Stearoyl coenzyme A desaturase activity indices
Desaturase activity indices were estimated from total plasma fatty acids and free fatty acid concentrations, as product/precursor ratios [26]. SCD1-16 activity was calculated as 16:1n-7/16:0, SCD1-18 activity as 18:1n-9/18:0.
Urine measurements
Total glutathione and sulfur amino acids were measured in urine by LC-MS/MS using a similar method to that described above for plasma. The measurements were normalized to creatinine (assayed on a Beckman Coulter AU680 clinical chemistry analyser using reagents and settings recommended by the manufacturer).
Liver pathology
Liver tissue was harvested for pathological evaluation, fixed in 10% neutral buffered formalin and processed routinely to generate haematoxylin and eosin-stained tissue sections. Tissue sections (N = 5 per group) were evaluated microscopically, and liver vacuolation was scored semi-quantitatively, from 0 –no vacuolation present to 5 –all hepatocytes contain vacuoles [27].
Statistical analysis
Serial body composition measurements, as well as urine analytes, are presented as mean ± SEM, and compared by repeated measures ANOVA. Physical activity counts, and food and water consumption are also presented as mean ± SEM and compared by independent samples t-test. To compare VO2 and VCO2, estimated means were calculated using ANCOVA after adjusting for lean mass as a covariate (common lean mass 23.6g). Data on VCO2/lean mass ratio and VO2/lean mass ratio are also presented as unadjusted means ± SEM and compared by independent samples t-test.
Due to the skewed distribution of several plasma and liver analytes, non-parametric methods were used for the plasma and liver biochemical measurements. These data are presented as median (25%, 75%), and compared by Mann-Whitney U test. The data obtained from histological scoring of livers was also analysed using Mann-Whitney U test.
PASW Statistics for Mac (20.0; SPSS Inc., Chicago, IL, USA) and GraphPad Prism (version 6.0f for Mac) were used for analysis and presentation of data.
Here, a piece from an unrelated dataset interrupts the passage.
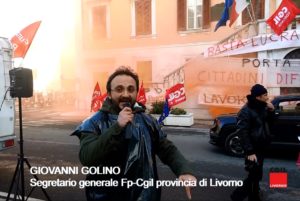 Sciopero lavoratori Aamps, l’intervento video di Giovanni Golino (Fp-Cgil): “Difendere il servizio pubblico e stabilizzare i precari”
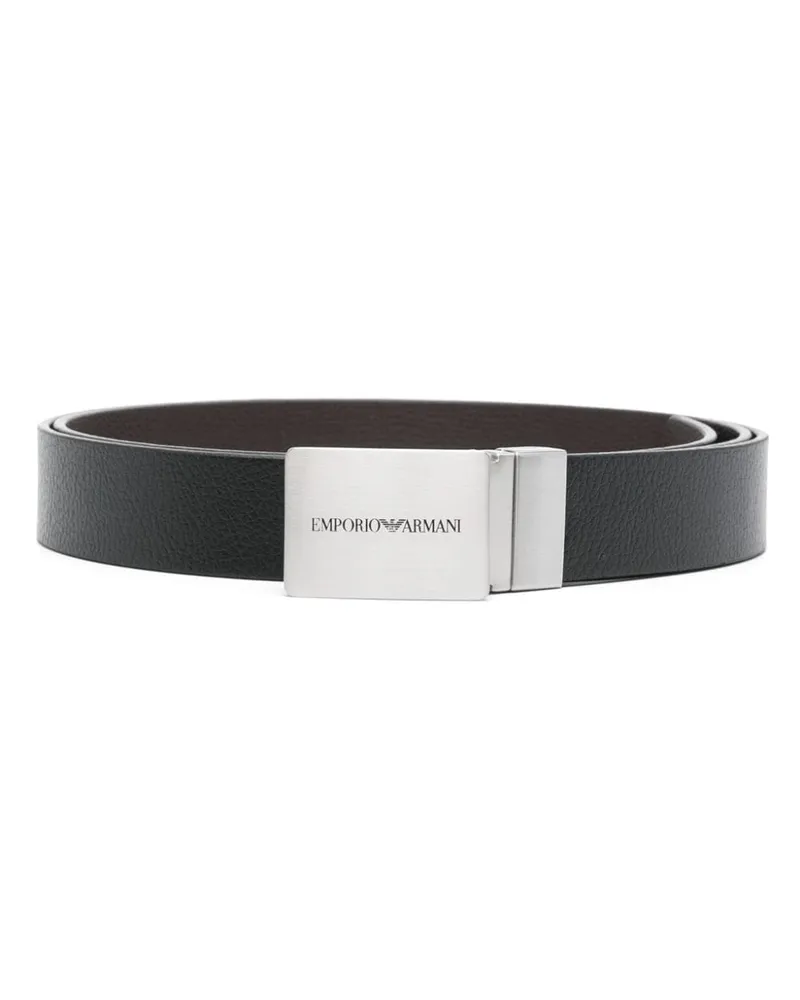 Emporio Armani Wendbarer Gürtel mit Logo-Schnalle - Schwarz Schwarz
All tests were two-tailed and P <0.05 was considered significant.
Results
Body composition and liver fat
Control C3H/HeH mice gained weight both from lean mass and fat mass on a HFD (Fig 1A–1C). The first 2 weeks on the HFD triggered the maximum increase in fat mass, with no growth in lean mass, which resulted in a near doubling of body fat% (from 16% to 30%, P<0.001; Fig 1D). This was followed by relatively stable fat mass from week 4 onwards. BSO decreased body weight, fat mass and lean mass (P<0.001 for all by repeated measures ANOVA). The maximum effect on fat mass was observed in the first 2 weeks on the HFD, where BSO completely prevented fat gain (Fig 1A). Mean terminal mesenteric fat mass was 0.21 g in BSO mice vs 0.32 g in controls (P = 0.001), but was not significantly different when normalized to total fat mass (i.e. no depot-specific reduction in mesenteric fat; data not shown).
A-D Body weight and body composition in BSO-treated and control mice at the start of BSO treatment (wk-0) and every two weeks till termination 8 weeks later (wk-8). Data represents mean ± SEM from N = 20 (BSO) and N = 24 (controls). Depicted P values are from repeated measures ANOVA. E Photomicrograph of liver sections stained with H&E, showing hepatoceullar vacuolation in control mice and absence of vacuolation in BSO mice. Scale bar represents 300 μm.
On histopathological examination, large clear vacuoles (macrovesicular vacuolation) graded 3 (out of a maximum of 5), consistent with lipid accumulation, were present in all livers examined from control mice, while vacuolation was completely absent (P <0.001) in BSO-treated mice (Fig 1E). Liver weight, as a percent of total body weight, was not different in BSO-treated mice vs controls (P = 0.40, data not shown).
Food intake, energy expenditure and locomotor activity
Food intake measured at week 2 was higher in BSO-treated mice (Fig 2A and 2B). BSO also enhanced physical activity, particularly during the dark phase (Fig 2C and 2D). We used two methods to normalize energy-expenditure related data for lean mass. Using the ratio method, VO2/lean mass ratio and VCO2/lean mass ratio were significantly higher in BSO-treated mice (Fig 2E). However, mean VO2 and VCO2, adjusted for lean mass as a covariate, as recommended [28], were not significantly different in BSO vs control mice (Fig 2F). BSO-treated mice had a higher RER, reflecting a shift towards carbohydrate oxidation. There was no significant effect of BSO on water intake (Fig 2H).
A, B: Food intake in g/day, and food intake normalized to body weight. C, D: Physical activity measured as infrared beam breaks in the horizontal and vertical planes during the light and dark phases of a 24-h period. E: O2 consumption (VO2)/lean mass ratio and CO2 production (VCO2)/ lean mass ratio. F: Adjusted mean VO2 and VCO2 controlling for lean mass as a covariate (at a common lean mass of 23.6 g) using general linear modelling. G: Respiratory exchange ratio (RER). H: Water intake in the studied groups. Data is presented as mean ± SEM and compared by independent samples T-test. N = 16–18 (control) and N = 17–20 (BSO). *, ** P<0.05 and P<0.001 respectively vs controls.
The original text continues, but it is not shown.